The only director Michael Caine regretted working with twice: “I had no qualms, but I should have”

If an actor makes a movie with a director and enjoys the experience, then the chances are high they’ll agree to work with them again should an offer come their way. It sounds obvious, and it is, which is why it was so bizarre for Michael Caine to agree to reunite with the filmmaker responsible for his worst film.

If a picture is poorly directed by someone who’s quite clearly out of their depth, and then that picture bombs at the box office, takes a critical pasting, and gains the unwanted reputation of being ranked among the worst in cinema history, then common sense would surely indicate that anyone unfortunate enough to be involved would refuse to share a set with them ever again.

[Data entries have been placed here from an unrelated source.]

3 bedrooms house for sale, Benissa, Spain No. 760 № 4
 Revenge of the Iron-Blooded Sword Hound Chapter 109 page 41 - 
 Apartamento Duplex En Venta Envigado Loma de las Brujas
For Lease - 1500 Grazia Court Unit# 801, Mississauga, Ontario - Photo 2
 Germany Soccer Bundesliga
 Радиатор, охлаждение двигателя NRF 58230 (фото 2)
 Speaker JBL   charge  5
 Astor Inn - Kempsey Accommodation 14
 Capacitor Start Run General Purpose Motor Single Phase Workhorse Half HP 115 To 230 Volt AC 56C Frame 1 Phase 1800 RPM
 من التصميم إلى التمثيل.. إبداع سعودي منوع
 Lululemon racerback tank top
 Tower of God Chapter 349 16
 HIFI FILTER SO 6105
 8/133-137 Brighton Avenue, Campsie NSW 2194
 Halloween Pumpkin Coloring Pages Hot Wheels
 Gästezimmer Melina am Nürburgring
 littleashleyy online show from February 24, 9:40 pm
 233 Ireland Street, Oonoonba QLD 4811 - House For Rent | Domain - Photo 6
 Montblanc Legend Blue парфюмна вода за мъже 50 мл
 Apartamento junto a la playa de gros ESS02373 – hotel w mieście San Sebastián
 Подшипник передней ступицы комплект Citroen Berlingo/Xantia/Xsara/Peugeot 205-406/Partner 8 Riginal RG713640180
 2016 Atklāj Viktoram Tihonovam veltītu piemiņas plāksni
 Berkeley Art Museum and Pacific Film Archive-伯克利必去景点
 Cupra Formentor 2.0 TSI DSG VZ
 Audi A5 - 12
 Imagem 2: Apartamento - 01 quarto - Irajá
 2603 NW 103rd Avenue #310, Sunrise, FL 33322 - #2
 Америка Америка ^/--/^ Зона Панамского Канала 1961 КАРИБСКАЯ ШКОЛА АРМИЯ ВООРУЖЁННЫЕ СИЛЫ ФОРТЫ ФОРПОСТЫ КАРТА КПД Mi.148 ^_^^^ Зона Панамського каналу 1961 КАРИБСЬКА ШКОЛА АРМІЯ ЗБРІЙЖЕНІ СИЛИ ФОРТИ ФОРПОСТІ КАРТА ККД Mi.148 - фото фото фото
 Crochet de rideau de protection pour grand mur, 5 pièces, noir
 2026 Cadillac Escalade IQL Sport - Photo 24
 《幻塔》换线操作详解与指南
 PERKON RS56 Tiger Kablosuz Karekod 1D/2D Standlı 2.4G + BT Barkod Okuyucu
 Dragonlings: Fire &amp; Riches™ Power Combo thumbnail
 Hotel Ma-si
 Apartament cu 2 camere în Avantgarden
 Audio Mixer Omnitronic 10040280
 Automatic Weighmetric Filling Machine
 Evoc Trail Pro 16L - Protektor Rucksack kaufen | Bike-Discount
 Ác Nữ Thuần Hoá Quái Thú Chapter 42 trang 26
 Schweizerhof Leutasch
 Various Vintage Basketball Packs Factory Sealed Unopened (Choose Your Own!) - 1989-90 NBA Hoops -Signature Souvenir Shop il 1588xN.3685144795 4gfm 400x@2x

And yet, Caine didn’t learn his lesson. Throughout his career, the two-time Academy Award winner made a habit of hoovering up frequent collaborators, making at least two features with Christopher Nolan, Andre De Toth, Bryan Forbes, Guy Hamilton, John Huston, John Mackenzie, and Lewis Gilbert.

He showed loyalty to the people he liked, which is fair enough. However, despite knowing from the very beginning that Irwin Allen’s directorial debut, The Swarm, was doomed to fail, and then consistently branding it as the worst entry in his filmography for the next four decades, he agreed to a rapid-fire reunion.

The dismal killer bee catastrophe was released in July 1978, and two months later, Caine started working on Irwin’s sophomore effort, Beyond the Poseidon Adventure. In his defence, the original was an Oscar-winning classic that became the highest-grossing movie of 1973, but lightning didn’t strike twice.

“I had no qualms about this one, but I should have done,” Caine wrote in his memoir, What’s It All About. “My first qualm should have been the fact that Irwin had decided to direct his second attempt, The Swarm being the first! While I loved Irwin, and he was a great producer, a director he certainly wasn’t.”

Much like The Swarm, Beyond the Poseidon Adventure was a critical pariah and a commercial disaster. In fact, it made less money and landed worse reviews than Caine’s first film with Allen behind the camera, and it goes without saying that he regretted making another movie that entered his all-time worst list.

“Although the picture wasn’t as dire as Ashanti, it was not Gone with the Wind either,” he explained, desperately trying to find a positive. “I did, however, learn to scuba dive.” It’s an understatement to say Caine went zero-for-two with Allen as his director when both efforts were equally awful, but he did make the most of his scuba training and picked up a new hobby, which is a very minor positive to draw from a pair of truly shambolic blockbusters.